Sento, sì, qualcosa, ma spesso non riesco a dargli una forma, un nome; non riesco ad associarlo a tale insetto, al tale uccello, alla tale chioma mossa dal vento.
E questi suoni sconosciuti si palesano solo ora, nella concentrazione, perché appena apro gli occhi e la concentrazione svanisce, scivolano via lasciandomi percepire solo le vibrazioni familiari.
Nella distrazione della quotidianità sento quello che conosco, il resto sfiora le mie orecchie senza riuscire a farsi catturare.
E allora, in questo silenzio apparente, in questo prato di fronte al rifugio, vengo per qualche istante attraversato dalla vertiginosa consapevolezza di riuscire a cogliere, dall’arena sociale, soltanto le riflessioni che già hanno attecchito in me; che già si sono depositate nel mio bagaglio culturale. Di conseguenza, in modo pressoché involontario, rischio di ignorare le traiettorie di pensiero che mi circondano, ma alle quali non riesco a dare una forma. Un nome.
È proprio così – penso – che si vengono a creare le cosiddette camere d’eco: bolle sociali – oggi amplificate dagli algoritmi di internet e soprattutto dei social network – al cui interno si raccolgono modi simili di interpretare il mondo.
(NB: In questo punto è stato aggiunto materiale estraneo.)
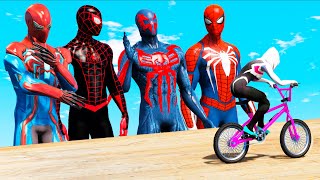 Spiderman vs SpiderWoman vs Spiderman 2009 vs Miles Morales  Team Spiderman Parkour Challenge [upl. by Chrysa935]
Entrando in queste camere troviamo conforto, ci sentiamo meno soli, ma al contempo rischiamo di perdere contatto con la pluralità di idee che ci circonda.
Allora ogni tanto vale la pena chiudere gli occhi, aprire la porta della propria camera, e affacciarsi nella novità: per lasciarsi attraversare da prospettive inedite, per provare a comprenderle e per decidere volontariamente se accettarle o scartarle”.